◆ **INPUT DATA**:
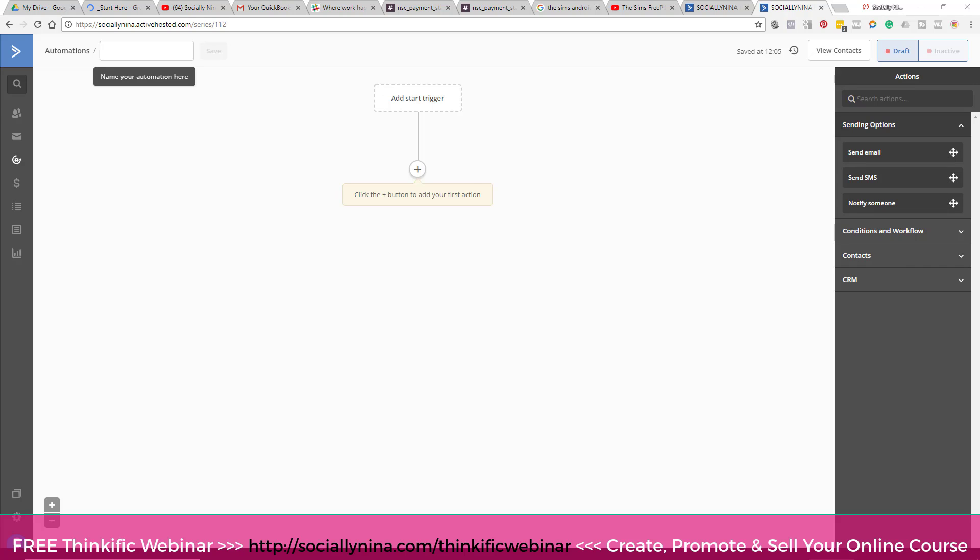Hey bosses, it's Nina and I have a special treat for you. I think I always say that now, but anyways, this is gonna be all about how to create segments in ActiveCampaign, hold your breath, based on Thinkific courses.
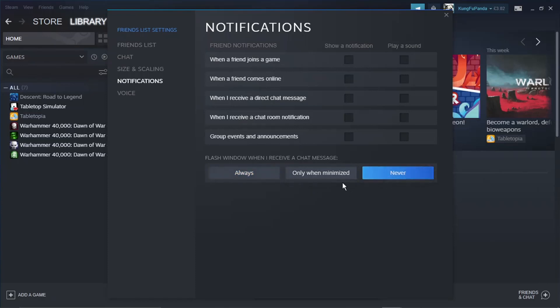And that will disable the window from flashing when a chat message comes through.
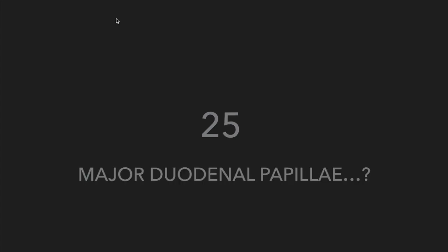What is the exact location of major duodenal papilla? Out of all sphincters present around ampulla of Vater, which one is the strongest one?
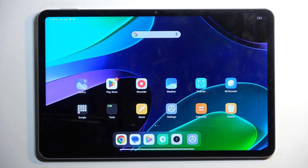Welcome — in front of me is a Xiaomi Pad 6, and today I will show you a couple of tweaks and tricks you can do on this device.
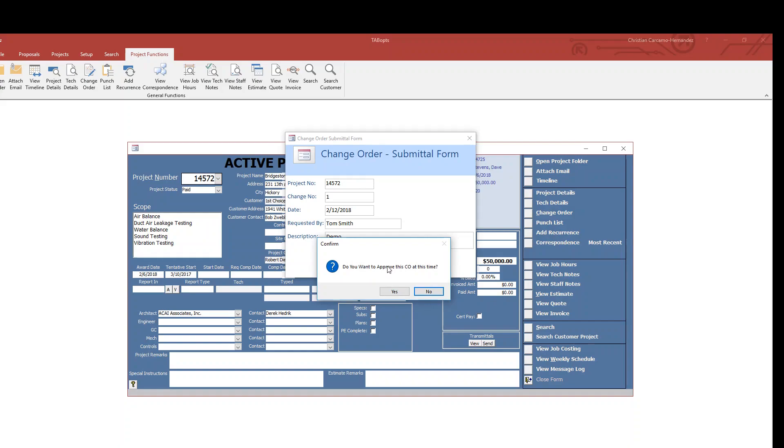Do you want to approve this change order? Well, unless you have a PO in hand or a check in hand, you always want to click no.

◆ **PROBLEM DETAILS**: Copy out the lines exactly as written, beginning with the one that contains "Welcome — in" and ending with the last line of the material; do not include pictures.

◆ **ANSWER BOX**:
Welcome — in front of me is a Xiaomi Pad 6, and today I will show you a couple of tweaks and tricks you can do on this device.
Do you want to approve this change order? Well, unless you have a PO in hand or a check in hand, you always want to click no.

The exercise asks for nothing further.